- Opening Delimiter -

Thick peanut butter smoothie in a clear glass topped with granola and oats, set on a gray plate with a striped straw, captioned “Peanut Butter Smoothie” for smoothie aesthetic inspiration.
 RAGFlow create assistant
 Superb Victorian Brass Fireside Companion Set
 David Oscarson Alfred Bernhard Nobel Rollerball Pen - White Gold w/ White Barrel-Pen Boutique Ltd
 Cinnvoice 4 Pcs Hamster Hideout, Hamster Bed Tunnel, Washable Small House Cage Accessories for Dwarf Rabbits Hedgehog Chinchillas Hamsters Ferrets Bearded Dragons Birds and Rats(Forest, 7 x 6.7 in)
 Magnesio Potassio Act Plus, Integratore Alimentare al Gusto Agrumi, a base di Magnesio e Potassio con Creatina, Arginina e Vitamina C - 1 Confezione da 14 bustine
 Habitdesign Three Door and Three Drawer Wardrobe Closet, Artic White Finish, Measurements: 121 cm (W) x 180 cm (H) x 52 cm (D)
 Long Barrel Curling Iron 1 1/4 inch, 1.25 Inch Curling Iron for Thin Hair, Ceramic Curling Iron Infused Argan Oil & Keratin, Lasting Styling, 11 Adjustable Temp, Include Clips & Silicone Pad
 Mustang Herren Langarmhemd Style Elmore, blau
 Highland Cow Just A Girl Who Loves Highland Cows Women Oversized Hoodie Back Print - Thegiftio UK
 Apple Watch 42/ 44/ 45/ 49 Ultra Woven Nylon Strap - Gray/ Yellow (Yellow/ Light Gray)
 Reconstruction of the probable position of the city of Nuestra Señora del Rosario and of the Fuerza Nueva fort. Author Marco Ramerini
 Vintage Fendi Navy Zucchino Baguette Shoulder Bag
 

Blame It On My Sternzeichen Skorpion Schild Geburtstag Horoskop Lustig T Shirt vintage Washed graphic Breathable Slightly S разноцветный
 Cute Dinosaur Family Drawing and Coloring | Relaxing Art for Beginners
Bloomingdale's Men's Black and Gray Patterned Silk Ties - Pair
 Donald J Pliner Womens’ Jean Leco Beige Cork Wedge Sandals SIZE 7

- Closing Delimiter -

#### [Exercise brief]
Return every line from the entries above that contains the word "Barrel".

#### [Solution to this problem]
 David Oscarson Alfred Bernhard Nobel Rollerball Pen - White Gold w/ White Barrel-Pen Boutique Ltd
 Long Barrel Curling Iron 1 1/4 inch, 1.25 Inch Curling Iron for Thin Hair, Ceramic Curling Iron Infused Argan Oil & Keratin, Lasting Styling, 11 Adjustable Temp, Include Clips & Silicone Pad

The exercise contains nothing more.